To right-wing voters, and those who endured massive disappointment at the hands of the four right-wing parties who in effect facilitated his return to power by their inability to compromise, the prospect of living under the sign of Fico provokes apathy and weariness.
There are a couple of eager self-declared new leaders who say they are ready to take on the challenge, but they resemble lonely runners who never look back and assume that they are being pursued by an army of followers headed for the same destination. While they offer grand visions for the country, visions alone do not make anyone a leader in Slovakia – or anywhere else for that matter.
Robert Fico is now ruling Slovakia alone, unlike in his first period in government, when in 2006 he ushered back into power the notorious Slovak National Party (SNS) and the Movement for a Democratic Slovakia (HZDS), with all their political baggage of nationalism and cronyism. He can rule alone not only because their term in power with Fico helped sink both Vladimír Mečiar of the HZDS and Ján Slota of the SNS – neither of whom even managed to make it into parliament in 2012 – but also thanks to his landslide victory, in which he harvested 44.4 percent of the vote and, for the first time since the fall of communism, a single-party majority in parliament.
But this also means that all the responsibility rests on his shoulders, which, given the fact that unemployment is now at almost 15 percent, its highest level since 2004, is heavier than anything he had to carry between 2006 and 2010.
Both Fico and his labour minister have been at real pains to argue that it is the global economic crisis and Slovakia’s troubled European partners, not their own changes to the tax laws or the Labour Code, that are exterminating jobs in Slovakia. Yet it now seems that even some of his staunch supporters might be having a hard time swallowing this, at least according to the most recent poll by the Focus agency, which showed Smer with 34.6-percent support – 10 percentage points less than in last year’s election.
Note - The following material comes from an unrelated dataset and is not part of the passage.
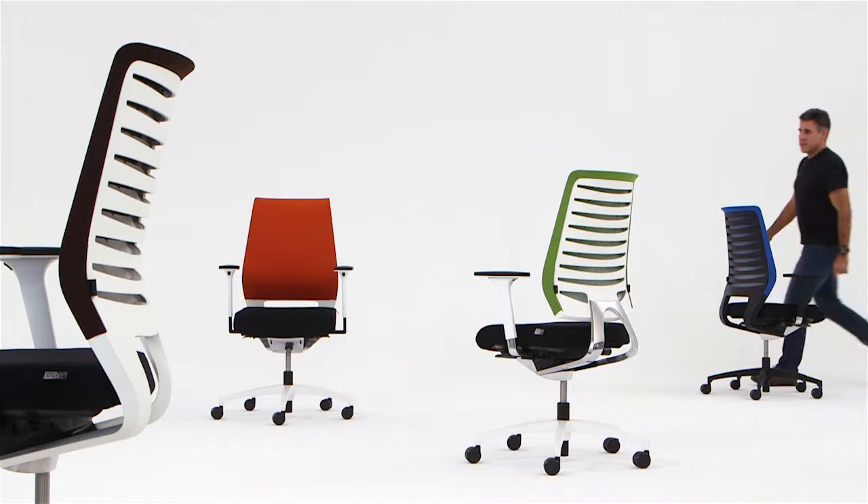The surface, colors and materials in combination offer a wide variety of products, as you can see.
Though the poll instantly prompted speculation about whether it really represented a trend, with pundits trying to interpret the drop and what it could mean, given the massive support that Fico still enjoys and the fact that he still has at least three years to go, it gives relatively little hope to those who are hunting for new voters. As Ján Baránek, a sociologist working for Polis, noted, those who abandon Fico will first go into the column of undecided voters – and linger there for some time. It is unlikely then that the ‘new leaders’ will benefit from them any time soon, if at all.
Commentators and analysts have also been busy trying to determine whether Fico’s ruling style has changed, and if so what impact this change will have on laws, policies and the way that those who did not vote for him, and never will, actually feel about their place in society.
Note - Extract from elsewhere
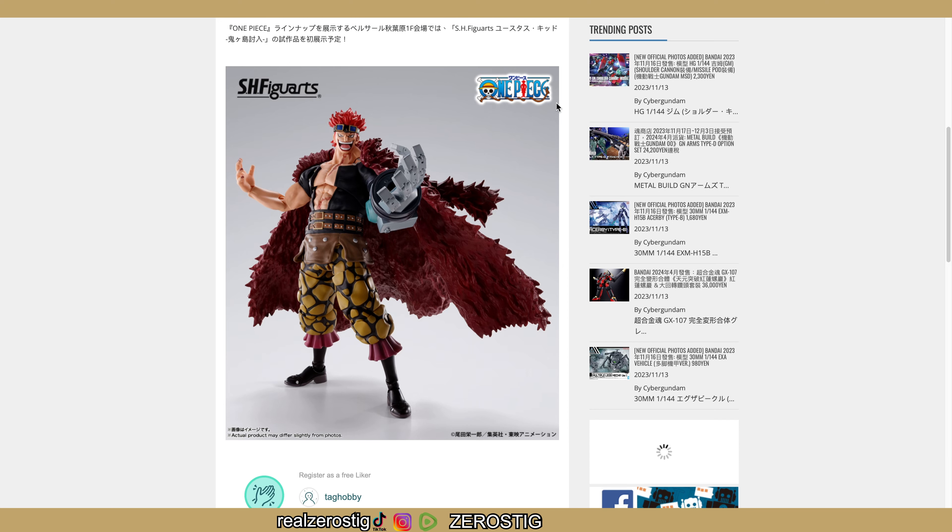Do expect it to be a little bit pricey. I'm guessing I wouldn't be surprised if they want $80, $90, or even $100 for it. That still remains to be seen since we don't have any other information yet, but I'll keep you guys updated because I know a lot of you One Piece fans are going to be really happy about it.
As a matter of fact, Fico no longer calls journalists prostitutes or idiots and he is mostly able to contain himself during his encounters with reporters, but that is probably due to the fact that he has chosen a different strategy for polishing his image rather than his conviction that the public has the right to check him and ask questions – and that journalists are their voice, eyes and ears in doing so.
Fico’s recent heated comments directed at minorities, which suggested that he thinks Slovakia is for Slovaks, gives a pretty clear idea about how far any metamorphosis by Fico is likely to go, given the character of his audience.
When he said “we did not establish our independent state in the first place for minorities”, Fico was talking to an audience at Matica Slovenská, a state-funded cultural heritage institution based in Martin which political analyst Grigorij Mesežnikov, in a recent interview with The Slovak Spectator, characterised as an “outdated organisation which for years has been behaving as a de facto political party, [as] part of the nationalist block”. This certainly goes some way to explain Fico’s nationalist rhetoric. What is scary is that he seemed rather comfortable in the role.